DETOUR started out as an experiment in the simplicity of filmmaking.  Why keep it simple, you may ask?  Well, it’s survival instinct.  How does one survive in a town [Hollywood] that is purported to eat its young and go back for seconds?  Some of you may take that statement literally, some may view it as a metaphor for high-concept fare that overshadows independent films and, in doing so, sparks an endless number of sequels; either interpretation is fine.


My writing partner, Dwight, came up with the idea of a man trapped in a basement after his house in the hills gets besieged by a landslide. That was the beginning.  It was something we could afford to do, outside of the Hollywood machine.  I needed to make a film, that’s what I came to LA to do, and I wasn’t going to wait for anyone, or any institution, to give me permission to do just that.  Writing DETOUR, something I could go out there and make myself, gave me all the permission I needed.  With that in mind, there is a lot of me in DETOUR’s Jackson Alder.  Jackson must learn how to survive on his own in a world that’s most certainly not on his side.  He’s got to fight hard against the antagonistic world of unpredictable natural disasters, to persuade the ground to move in his direction, but if he can’t convince the earth to swing its vote, well, he has no choice but to dig his way right through it – even if it means certain death.


One of the driving motivations in making this film was simplicity – minimalism in its storytelling, but not necessarily in its filmmaking – and I felt strongly that the life or death stakes should be more immediate than the original concept would allow.  That lead me to introduce a smaller location into the situation – a smaller location also meant a smaller budget, which as an indie filmmaker was incredibly important to getting the wheels spinning on the project.  I’ve always been drawn to minimalist art and entertainment; specifically, the execution of it, the DIY ethos that so often fuels it, and the aesthetics of the final product.  My first short film involved a man alone on his deathbed, the pinnacle of solitude, which depicts a flashflood of memories linked together by his last word: “F**K.”  I made a film in school that was inspired by Stephen King’s short story “Survivor Type,” which is about a fleeing criminal who goes mad in the desert and eats himself to survive.  The last short I made, SHADOWBOX, which won “Best Short” at the 2008 Shockfest Film Festival in Hollywood, is about a man who watches the film of his own interrogation, and subsequent torture, as a means of coming to grips with the questionable choices he made while at war and putting those choices behind him.  Needless to say, the idea for DETOUR was a brand new world of thrilling isolation that I just knew I had to explore and make into my next film.

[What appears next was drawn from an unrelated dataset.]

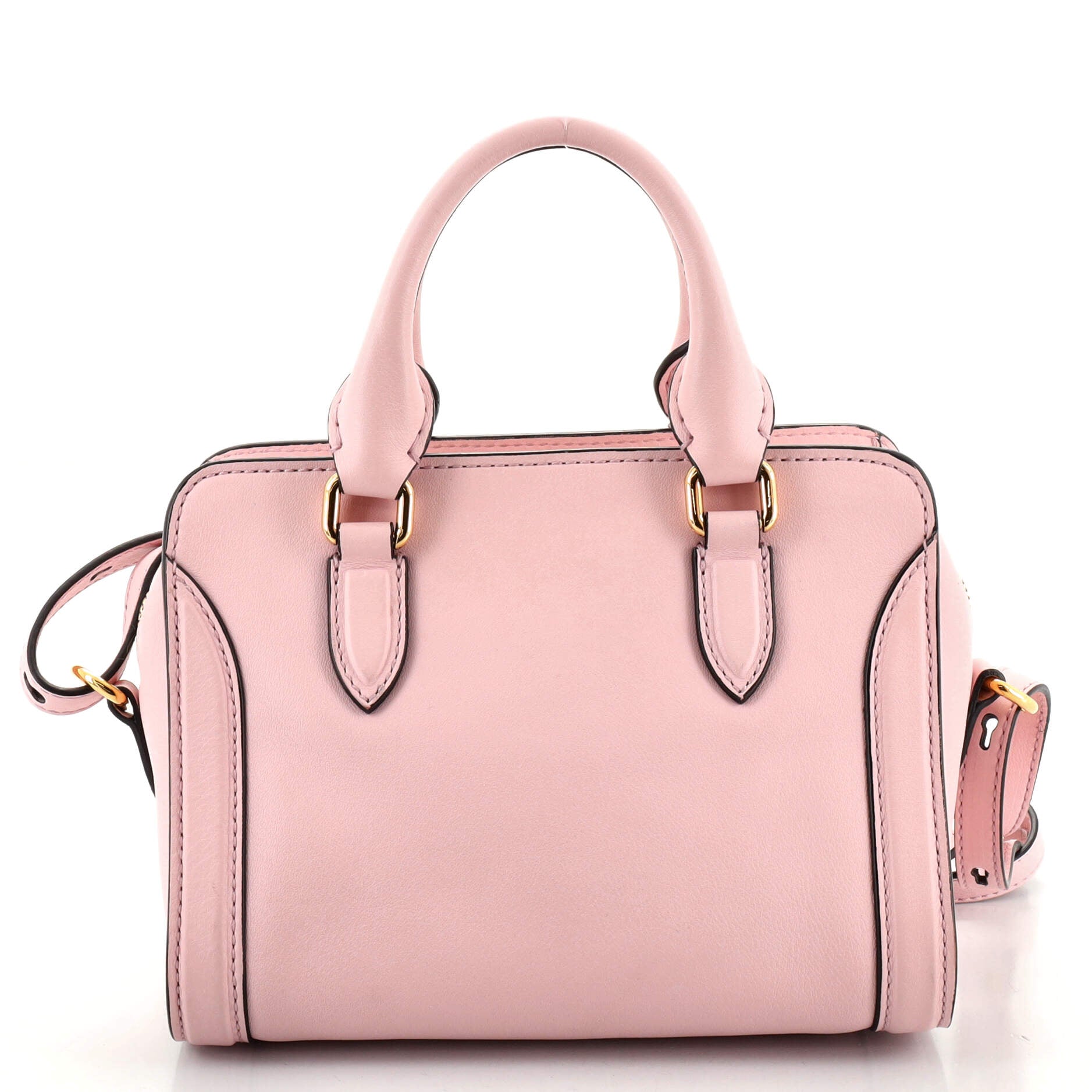Padlock Zip Around Tote Leather Mini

One character, one location…and this character could be you.

That was the start of it all.  Early on in the writing process, I brought the idea to one of our producers, Carrie LeGrand, who responded to my impassioned blathering by saying, “one guy in a car…that’s not really a movie, is it?”  Jumping halfway out of my seat, I shot back, “That’s exactly why I want to make it!”

5 years later, we finally have a movie, a movie steeped in the blood, sweat and tears of the cast and crew who risked life and limb to make it a reality.  And when I say life and limb I mean that literally; just ask Neil Hopkins, who played the role of Jackson Alder – he barely made it off the set alive.